The Offence
7.3
The Offence

Film de Sidney Lumet (1973)

Et non plus les autres, pourrait nous dire Lumet, prenant à contrepied la célèbre formule de Sartre dans Huis-clos, pour filmer un homme confronté à ses démons, à ses peurs et ses angoisses, un homme qui va entrer en collision avec sa part d’ombre, fatale ambivalence de la nature humaine, que le cinéaste explore dans ce film d’une noirceur absolue et terrifiante.


Un projet qui n’est pourtant pas de lui : comme pour se démarquer du personnage de James Bond qui lui collait à la peau, Sean Connery a cherché sans relâche, dans le cinéma indépendant ou auprès d’auteurs confirmés, des « espaces de liberté », s’engageant corps et âme dans cette adaptation d’une pièce de théâtre de John Hopkins, pour livrer une prestation hallucinante où tout n’est que tension, fêlure et douleur intérieure.


Un policier dans lequel on peine à reconnaître Sean Connery le tombeur de ces dames, l’acteur viril au sourire carnassier et à l’œil de velours, tant une chape de plomb semble l’enserrer de toutes parts, pris qu’il est entre son col de fourrure, annonce à peine déguisée de la bête qui sommeille en lui et la moustache sans grâce qui lui barre le visage, en écho à celle de son double «longue et en forme de canines dévoratrices», Baxter, pauvre bougre arrêté par hasard ou violeur impénitent ?


Mais Lumet ne fournit pas la réponse, ne résout jamais totalement les pistes qu’il propose, laissant le doute s’insinuer en nous et cette quête de vérité, au cœur de tous ses films, c’est d’abord celle d’un homme qui se débat contre lui-même, hanté par vingt ans d’horreurs, une «humanité qui s’effrite à côtoyer le mal» comme celle que mettra en scène Friedkin 8 ans plus tard dans Cruising avec Al Pacino.



« Je lirai en toi, Baxter, à livre ouvert, Page après page. C’est là,
écrit sur ton visage. Des lignes, des ombres, sur ton âme immortelle.
Tes yeux !!! »



À qui s’adresse Johnson, enfermé seul avec le suspect, un masque de haine déformant son visage?

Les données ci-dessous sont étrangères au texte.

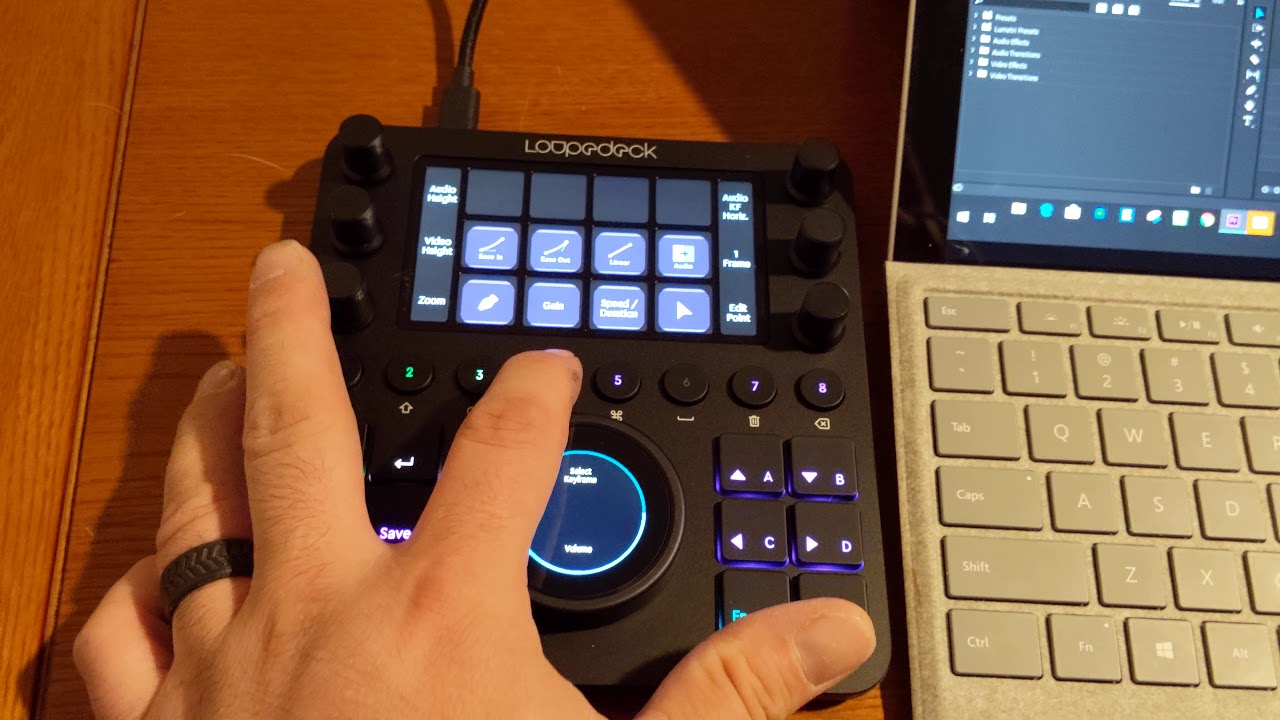 Loupedeck CT - YouTube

À l’individu recroquevillé sur lui-même, qu’il a décrété coupable, ou à l’Autre, présence qu’il cherche à extirper de son cerveau malade : ce double issu d’un cauchemar qui le poursuit et ne le lâche plus ?
Un combat sans merci s’engage alors entre les deux hommes : Baxter entre-temps s’est ressaisi, comprenant que le policier, au bord de l’implosion, veut accoucher coûte que coûte de la bête qui est en lui.



Ce que je peux faire n’est rien à côté des idées dans votre crâne



le nargue Baxter : un triomphe que Johnson ne lui pardonnera pas.

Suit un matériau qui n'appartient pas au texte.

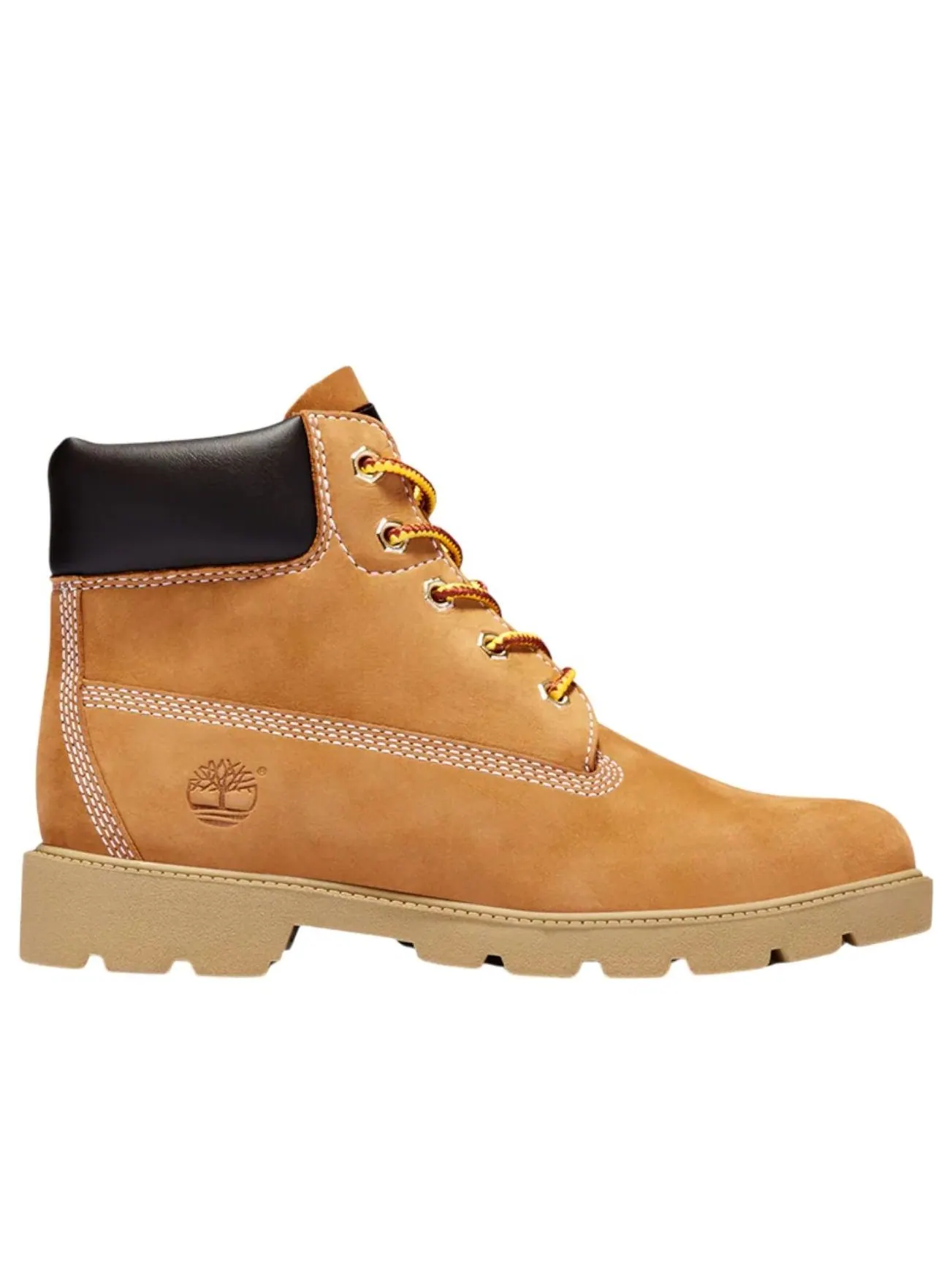 (GS) Водонепроницаемые классические ботинки Timberland 6 Inch 'Wheat' — изображение 3 из 3, пшеница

Comment admettre en effet sans se révolter, que ces visions qui l’assaillent, loin de le révulser, exercent sur l’homme qu’il croyait être, une fascination dont il se repaît, comment accepter sans dégoût que sa vraie nature s’apparente à cette terrifiante bestialité, qui lui fait évoquer les cuisses blanches et dénudées de la petite Janie, découverte dans la forêt, couverte de contusions, violée et traumatisée…


L’homme ne peut résister à l’horreur, voilà ce que tente de nous démontrer Lumet, dans ce huis-clos noir et profondément dérangeant, qui de surcroît nous apparaît sans issue.

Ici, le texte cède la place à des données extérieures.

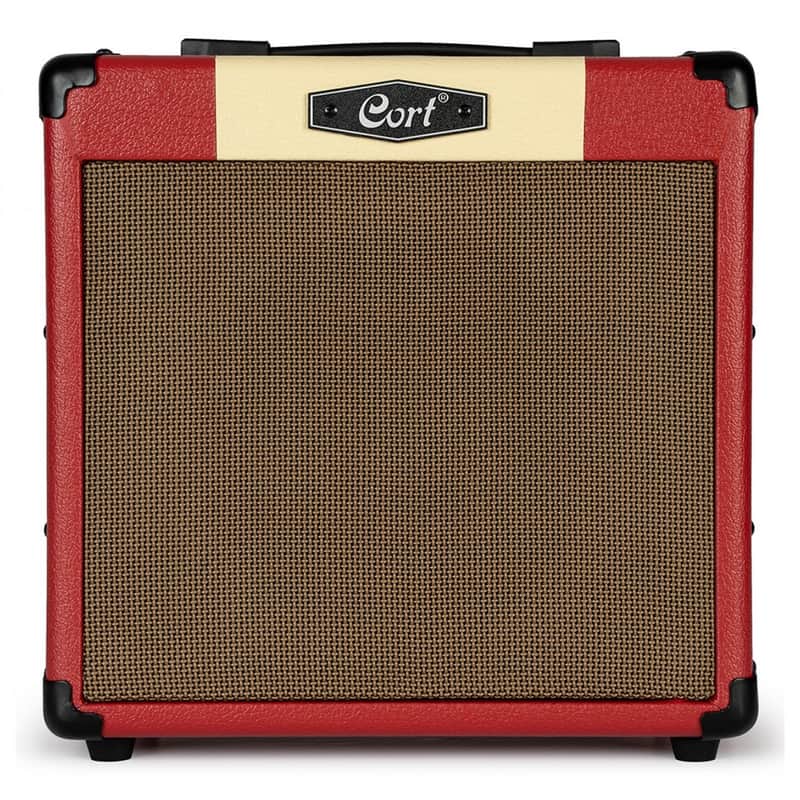 Cort CM15R 15w Practice Amp, Dark Red image 1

C’est toujours la nuit, on est seul. Le silence…Le vide…La mort. Et
personne. Des gens meurent…Personne !...



déclare Johnson comme halluciné, à sa femme, brisée par son mépris, anéantie par son rejet, alors même qu'elle tente de l'aider, dans un affrontement d’une violence psychologique inouïe, d’autant plus tétanisant qu’il s’inscrit dans le quotidien, sorte de lèpre qui contamine même son foyer.


Un film dur et éprouvant, « un polar poisseux qui colle longtemps à notre rétine » mais une œuvre qui explore de façon magistrale, les tréfonds de l’âme humaine et la nature ambivalente de l’homme déchiré entre le Bien et le Mal de toute éternité.